RECORDS SHOWN:
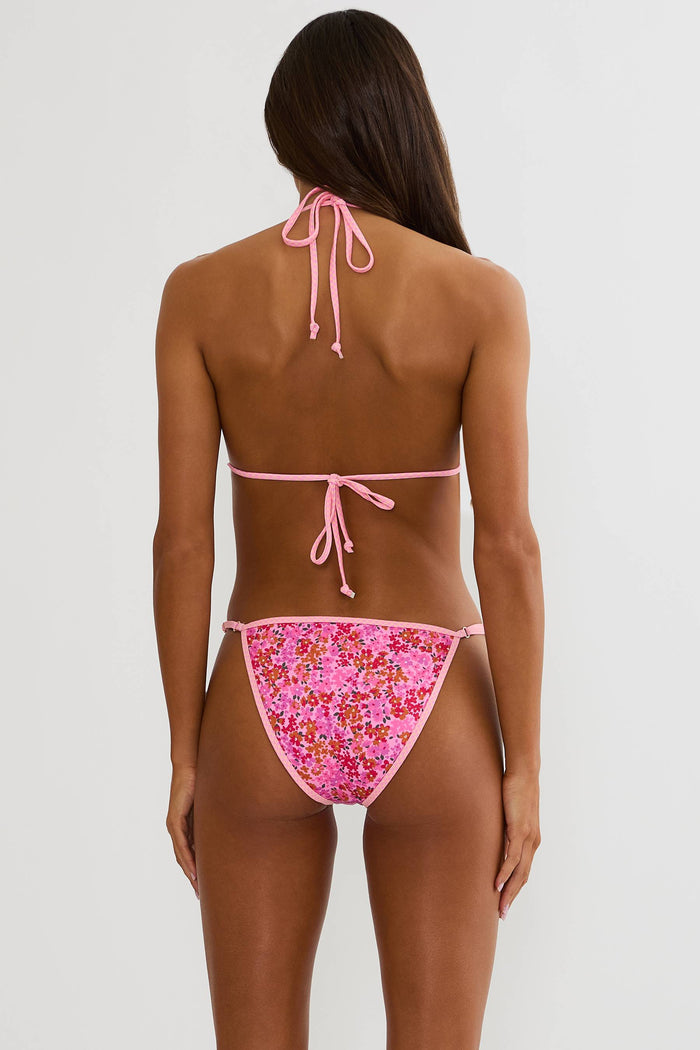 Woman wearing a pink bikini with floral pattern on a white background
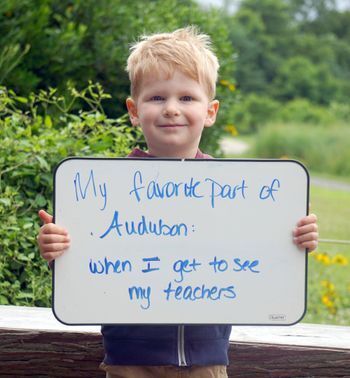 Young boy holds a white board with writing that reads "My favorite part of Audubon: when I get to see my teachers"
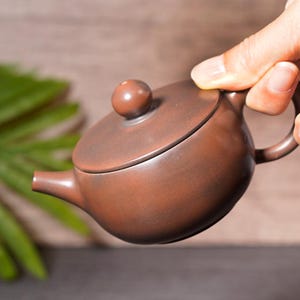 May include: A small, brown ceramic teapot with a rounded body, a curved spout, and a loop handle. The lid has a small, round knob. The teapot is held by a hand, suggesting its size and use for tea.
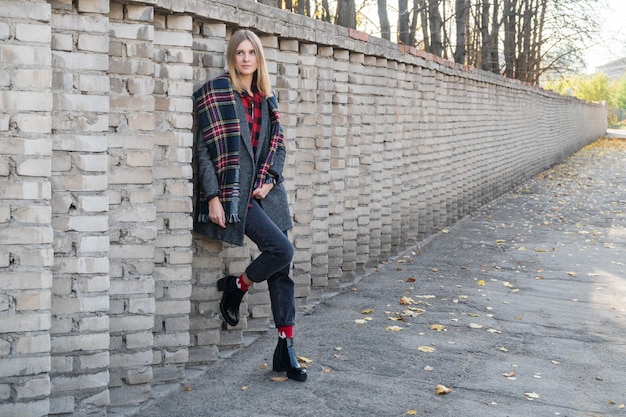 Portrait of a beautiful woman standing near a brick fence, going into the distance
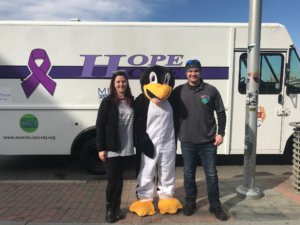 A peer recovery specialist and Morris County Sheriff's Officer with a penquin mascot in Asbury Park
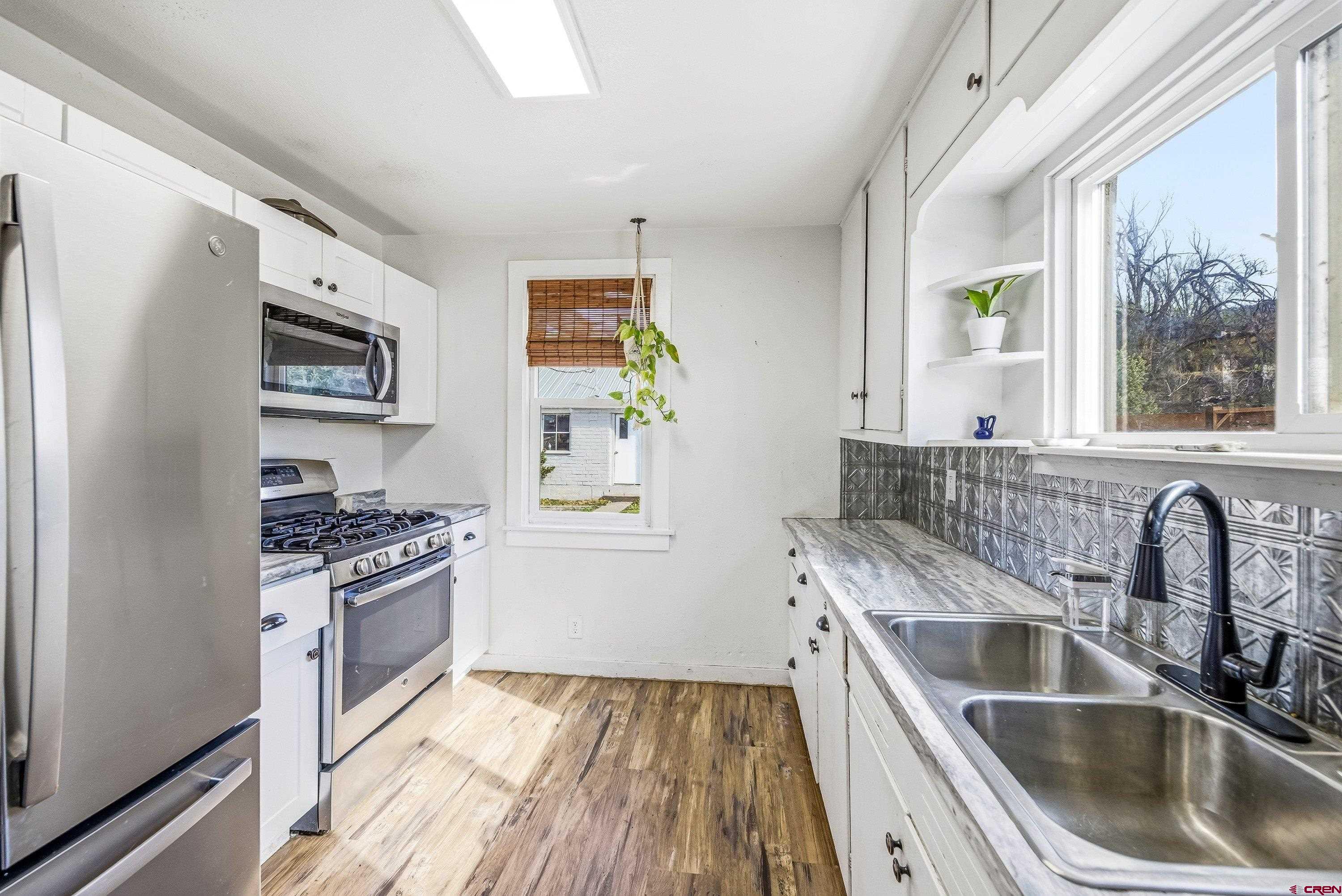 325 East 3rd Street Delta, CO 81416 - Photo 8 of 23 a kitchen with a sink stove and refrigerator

...

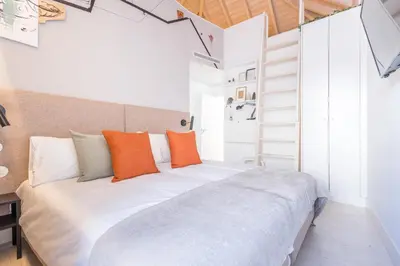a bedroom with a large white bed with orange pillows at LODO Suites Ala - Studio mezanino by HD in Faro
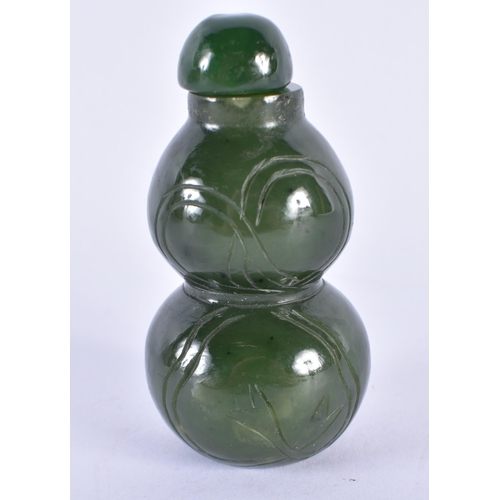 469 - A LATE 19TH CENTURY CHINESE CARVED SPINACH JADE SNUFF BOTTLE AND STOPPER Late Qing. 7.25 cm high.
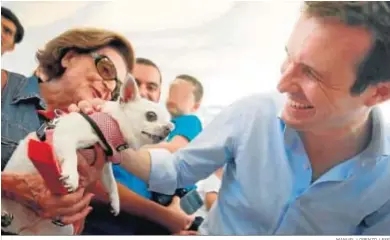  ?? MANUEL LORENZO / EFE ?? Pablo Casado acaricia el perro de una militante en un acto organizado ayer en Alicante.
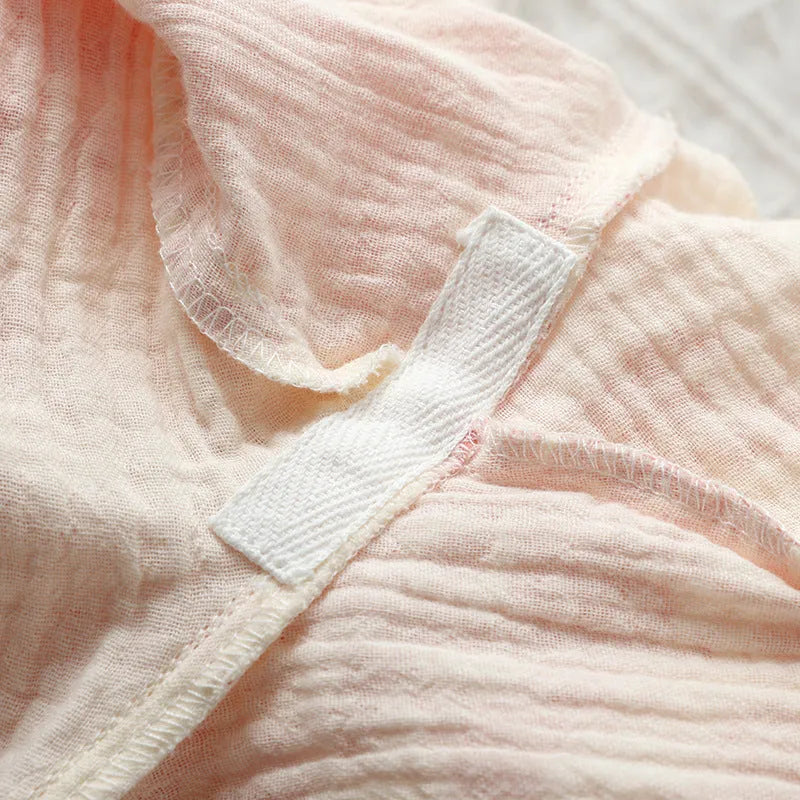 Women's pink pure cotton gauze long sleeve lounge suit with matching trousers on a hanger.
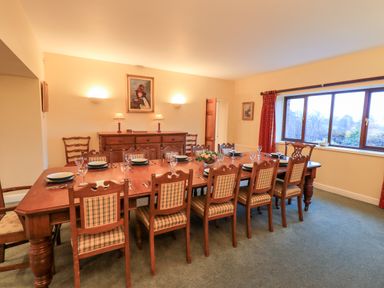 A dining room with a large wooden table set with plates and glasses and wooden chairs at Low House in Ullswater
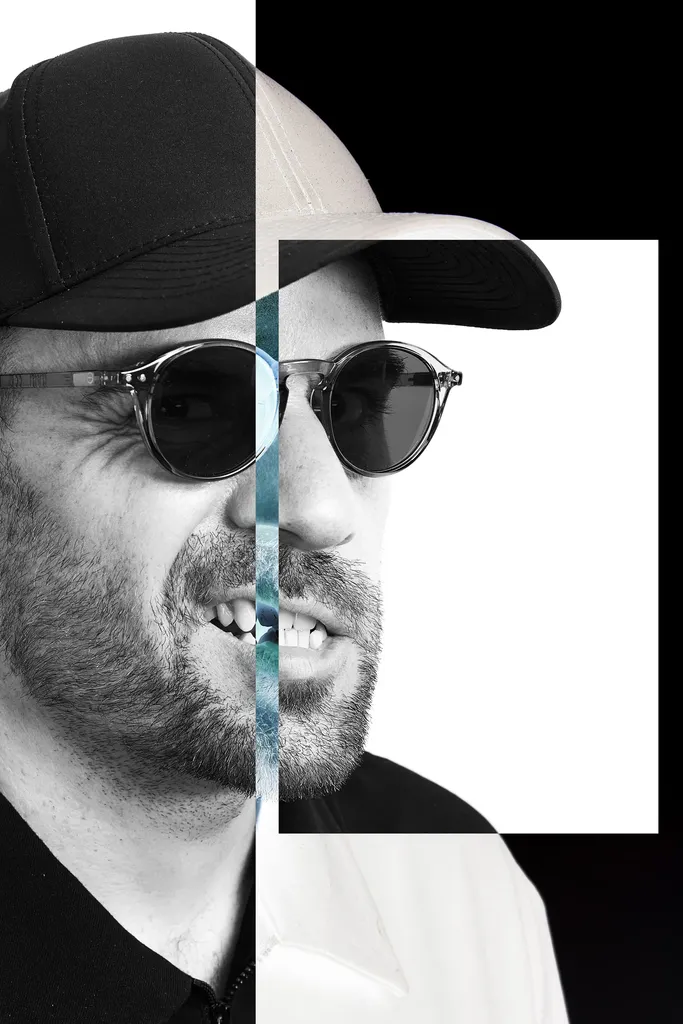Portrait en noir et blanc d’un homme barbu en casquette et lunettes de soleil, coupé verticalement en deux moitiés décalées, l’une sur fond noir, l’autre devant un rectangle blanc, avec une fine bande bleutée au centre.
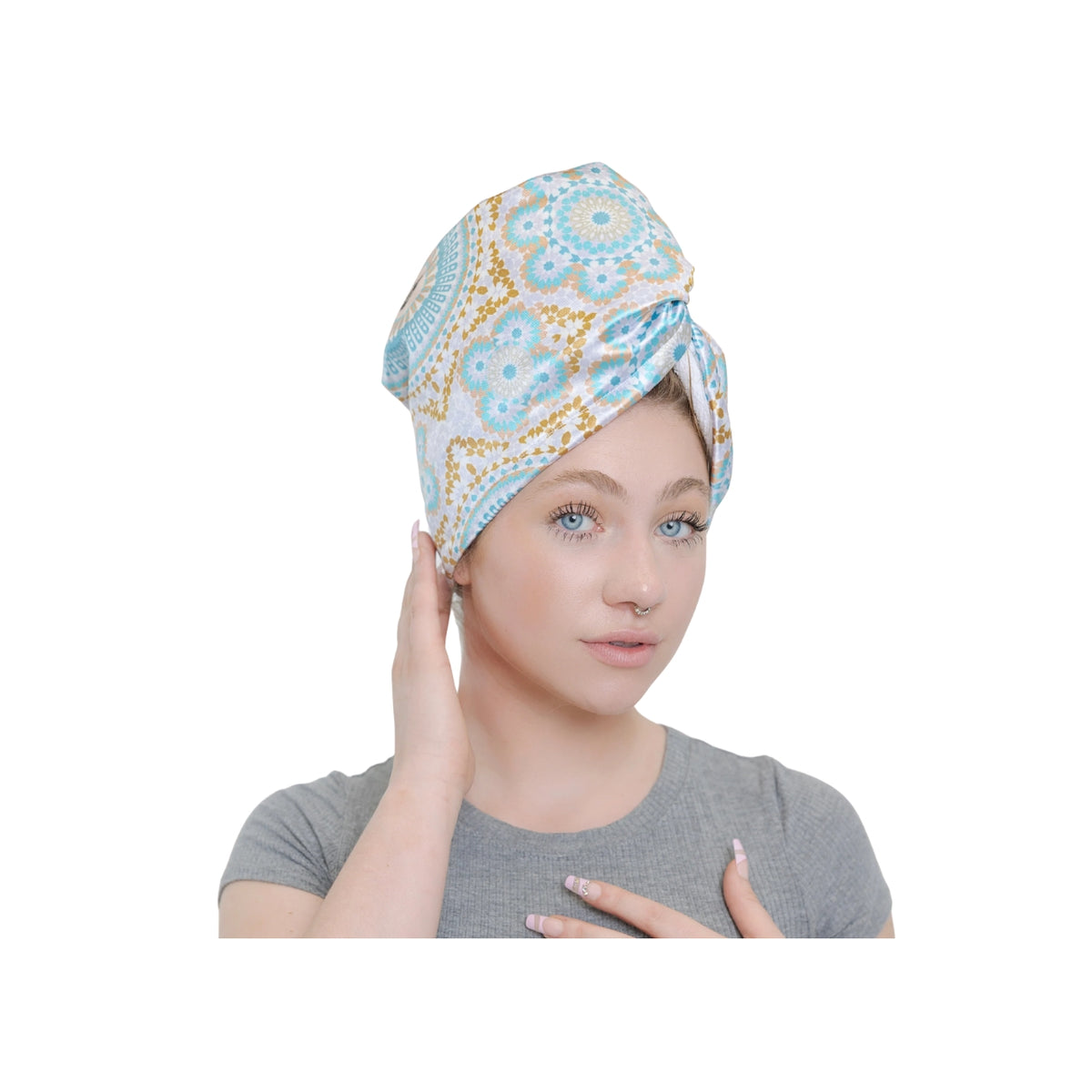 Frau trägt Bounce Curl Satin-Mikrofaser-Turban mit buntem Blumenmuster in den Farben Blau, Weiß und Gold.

* * *

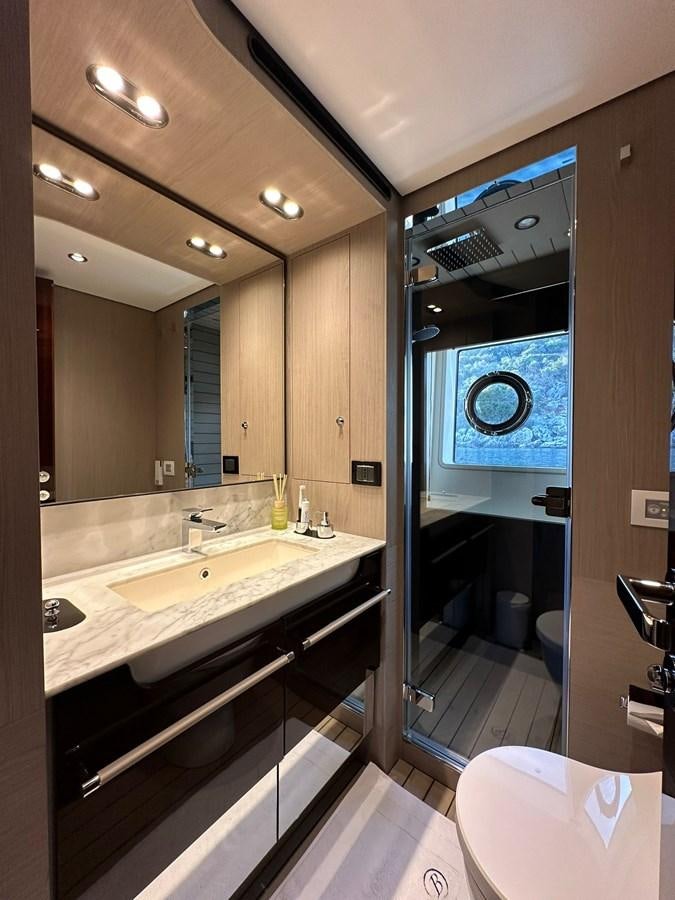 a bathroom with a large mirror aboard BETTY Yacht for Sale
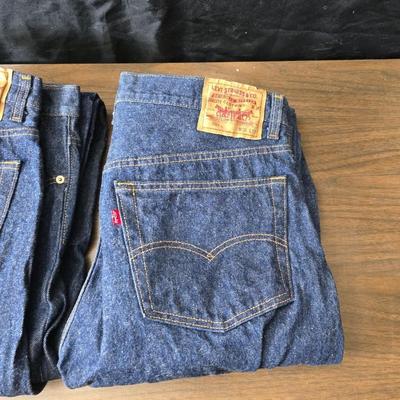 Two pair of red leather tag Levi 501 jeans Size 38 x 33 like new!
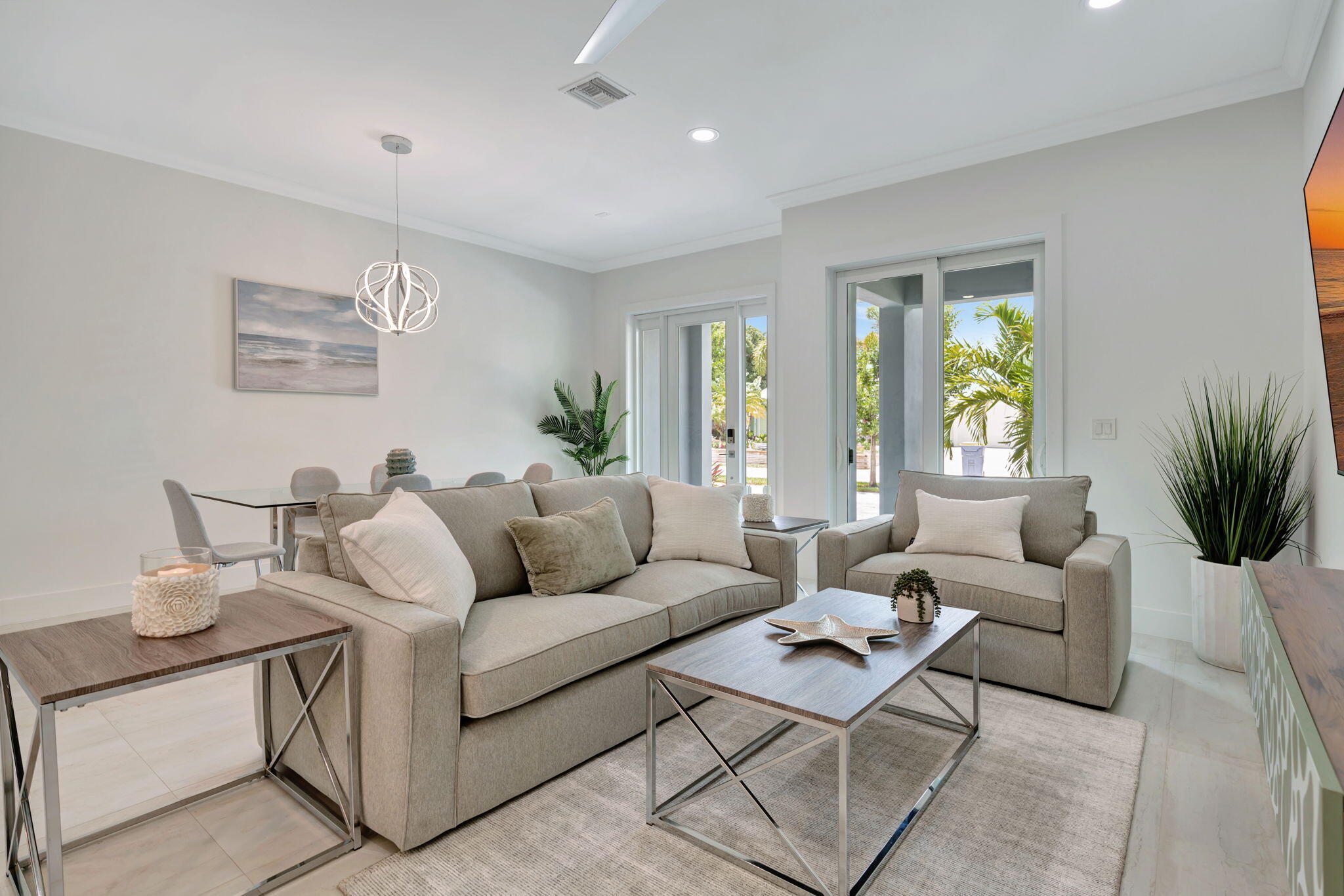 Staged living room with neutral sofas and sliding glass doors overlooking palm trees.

WHAT TO PRODUCE:
From the records above, return exactly the lines running from the one that contains "a bedroom with" down to the one that contains "A dining room", both included, without any pictures.

EXERCISE OUTPUT:
a bedroom with a large white bed with orange pillows at LODO Suites Ala - Studio mezanino by HD in Faro
 469 - A LATE 19TH CENTURY CHINESE CARVED SPINACH JADE SNUFF BOTTLE AND STOPPER Late Qing. 7.25 cm high.
  ?? MANUEL LORENZO / EFE ?? Pablo Casado acaricia el perro de una militante en un acto organizado ayer en Alicante.
 Women's pink pure cotton gauze long sleeve lounge suit with matching trousers on a hanger.
 A dining room with a large wooden table set with plates and glasses and wooden chairs at Low House in Ullswater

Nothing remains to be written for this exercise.